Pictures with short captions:

********

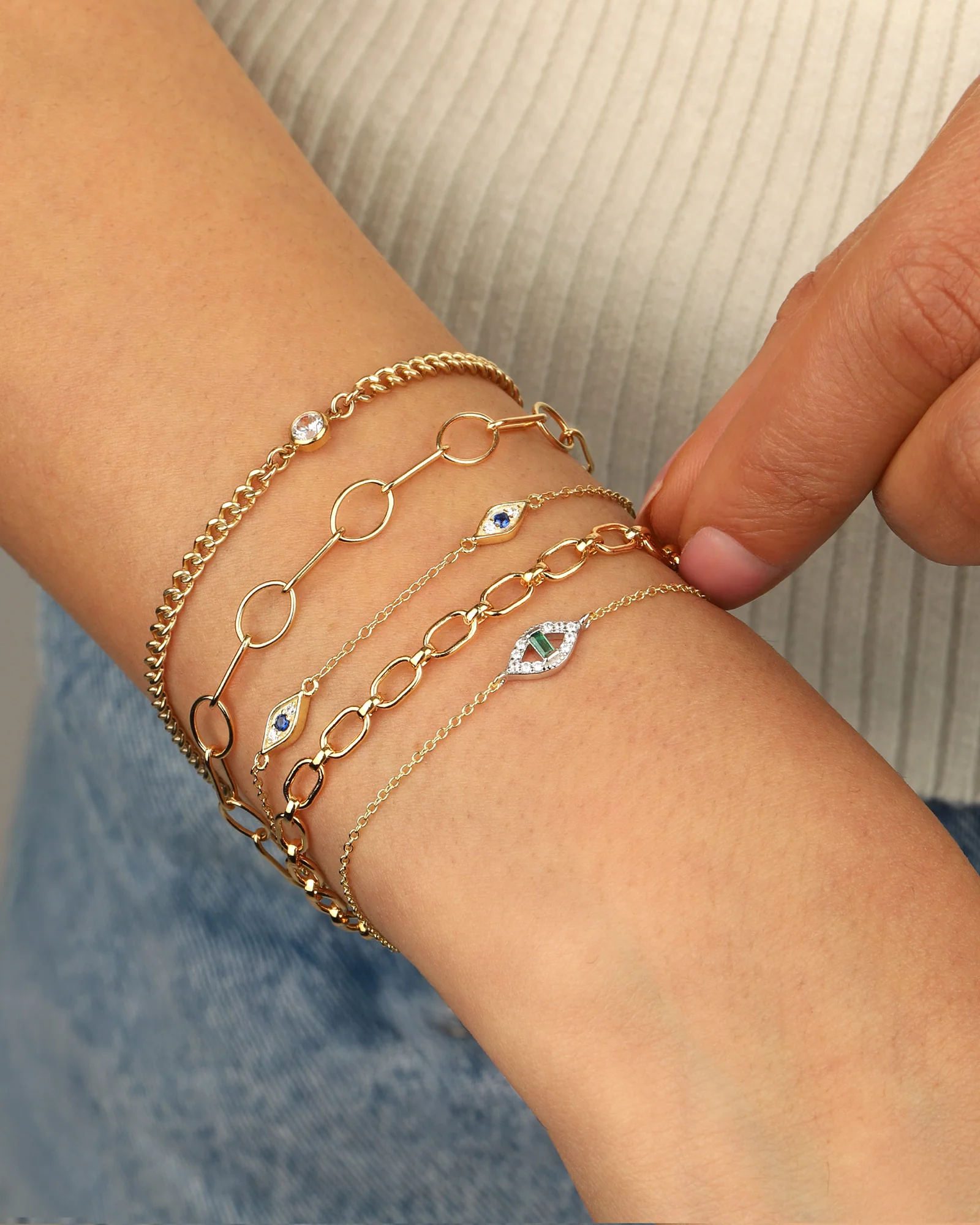 Emerald Cut Evil Eye Bracelet - Image 2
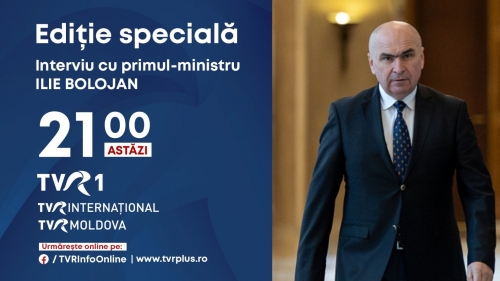 „Ediţie specială” cu premierul Ilie Bolojan, în direct la TVR 1
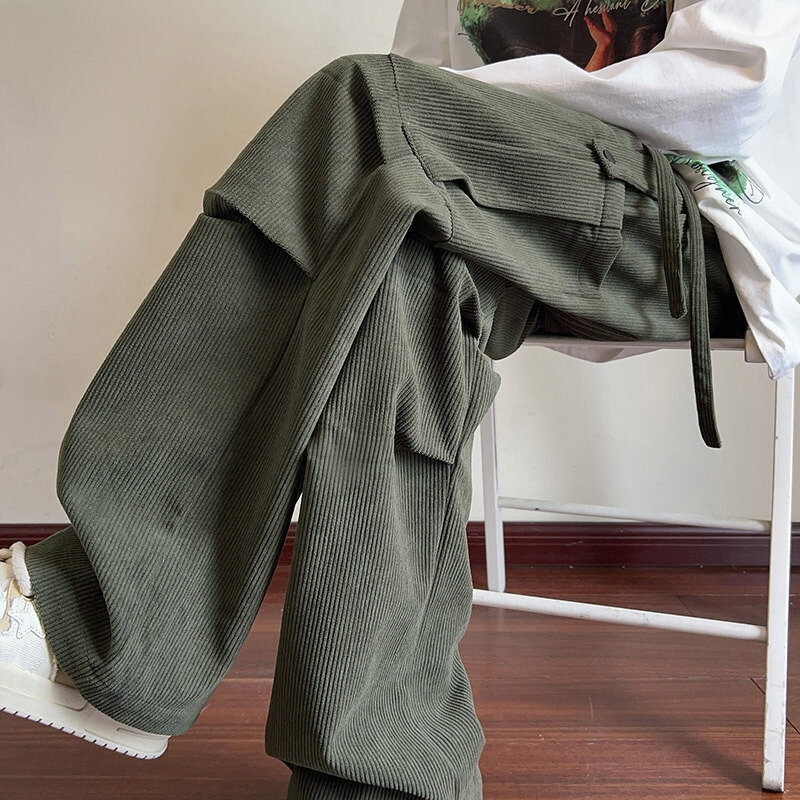 Overall Corduroy untuk pria, celana panjang kasual trendi ukuran besar kaki lebar gaya baru musim gugur dan musim dingin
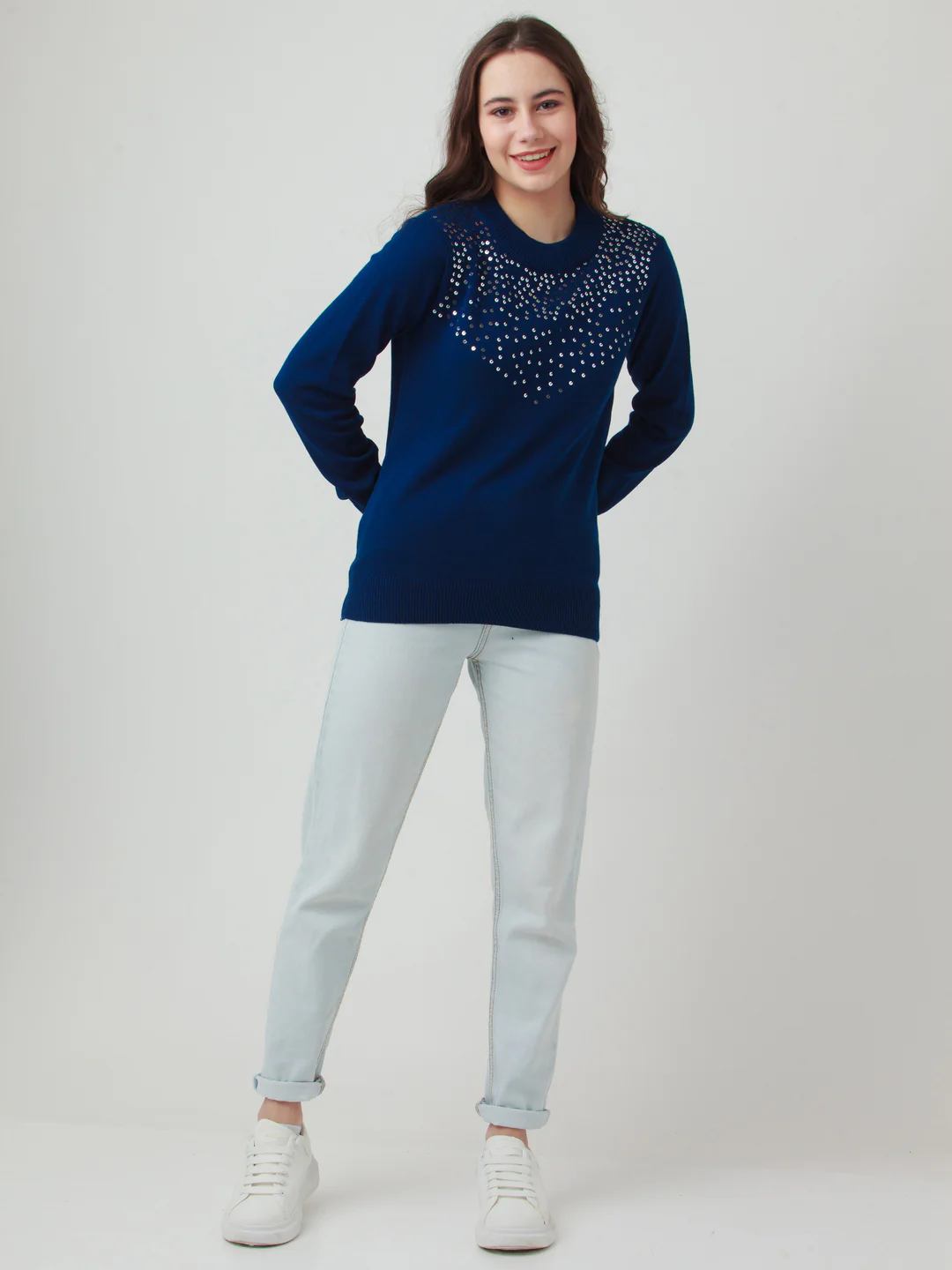 Blue Solid Straight Sweater - Image 5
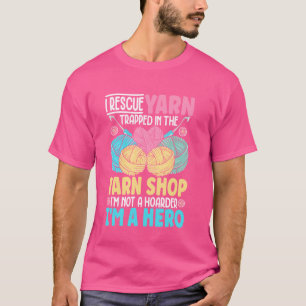 Camiseta Arte engraçada de fio de tricô para mulheres menin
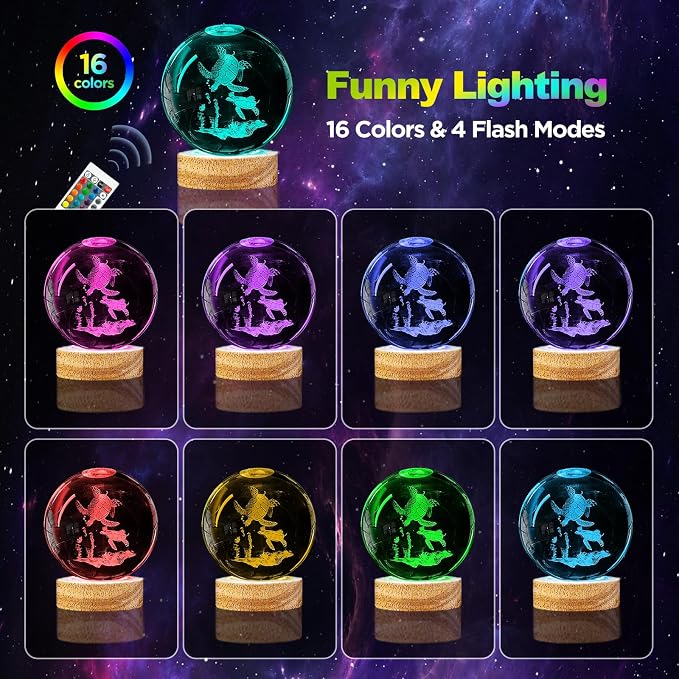 3D Crystal Ball Night Light - 3.15 inch Glass Ball with 16 Color Changing Wooden Base and Remote Control - Turtle Figurines Gift for Friends, Kids, Christmas, Birthday, Decor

********

## What this task involves
I would like you to retype exactly the lines running from the one containing "Blue Solid Straight Sweater - Image 5" to the last line of the entries, both included, leaving all pictures out.

## Completed task
 Blue Solid Straight Sweater - Image 5
 Camiseta Arte engraçada de fio de tricô para mulheres menin
 3D Crystal Ball Night Light - 3.15 inch Glass Ball with 16 Color Changing Wooden Base and Remote Control - Turtle Figurines Gift for Friends, Kids, Christmas, Birthday, Decor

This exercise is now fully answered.